Being savaged by midgies is the usual lot of the landscape photographer shooting sunsets, or sunrises, during the summer months in Scotland's North-west Highlands. Being savaged is particularly upsetting if the sunset you have suffered for does not materialise, but the irritations are soon forgotten when a sunset such as the above starts to develop.
This view from the Crasg is looking over Loch Gairloch to the Lonemore peninsula and Longa Island to the left.

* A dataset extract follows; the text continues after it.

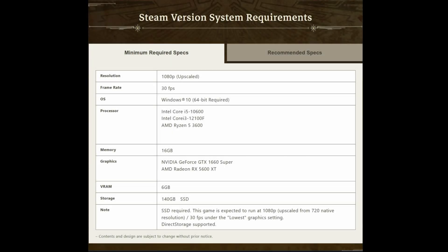So the system requirements for Monster Hunter Wild has finally released, and they're kind of crazy. For our lowest settings, we're playing at 1080p upscaling from 720p at 30fps while using a GTX 1660 Super.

North-west Highland Place Names
The landscape of the North-west Highlands and the Gaelic language are intimately connected. Other languages have contributed to the richness of our place names, notably Norse, but the North-west Highlands have for centuries been a Gaelic landscape. In listing the meanings of place names I have relied on authoritative sources wherever possible. For further information about sources please refer to North-west Highland Place Names in the main menu.
Crasg; Gaelic, An Crasg, Gaelic, ‘the crossing’; a ridge crossed by the road.
Loch Gairloch; Gaelic An Gearr-loch, the short loch.
Lonemore; Part of Gairloch. Gaelic; an Lòn Mór meaning the ‘great damp meadow’ according to Watson and ‘the big meadow’ according to Apamapa.
Longa Island; From the Norse Lung-ey meaning the ‘ship isle’. The passage between it and the mainland is called An Caol Beag, ‘the little narrow’.